The mooted reconciliation has alarmed Syrian opposition leaders and supporters who reside mostly in parts of the war-torn country under the control of pro-Turkish opposition fighters.

Assad said in January that a Moscow-brokered rapprochement with Turkey should aim for "the end of occupation" by Ankara of parts of Syria.

Turkey has military bases in northern Syria and backs some local groups fighting the regime and against Syrian Kurdish forces which it considers "terrorist" groups.

Ankara has never publicly backed HTS but according to some reports coordinate with its forces.

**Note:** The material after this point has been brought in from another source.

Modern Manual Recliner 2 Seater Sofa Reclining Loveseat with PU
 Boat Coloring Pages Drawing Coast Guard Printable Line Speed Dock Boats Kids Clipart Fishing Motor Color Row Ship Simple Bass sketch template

HTS, which is sanctioned by the UN as a terrorist organisation, formally broke ties with Al-Qaeda in 2016 and incorporated a number of smaller Syrian rebel factions in a major re-branding effort.

Widely seen as the strongest and best organised group in Idlib province, it has tried to present itself as amainstay of Syria's opposition.

With Russian and Iranian support, Damascus has clawed back much of the ground lost in the early stages of Syria's conflict to rebel groups.

The Syrian conflict has killed nearly half a million people since it broke out over a decade ago and displaced almost half of Syria's pre-war population. Most of the casualties have been due to regime bombardment of civilian areas.

Despite periodic clashes, a ceasefire reached in 2020 by Moscow and Turkey has largely held in the northwest.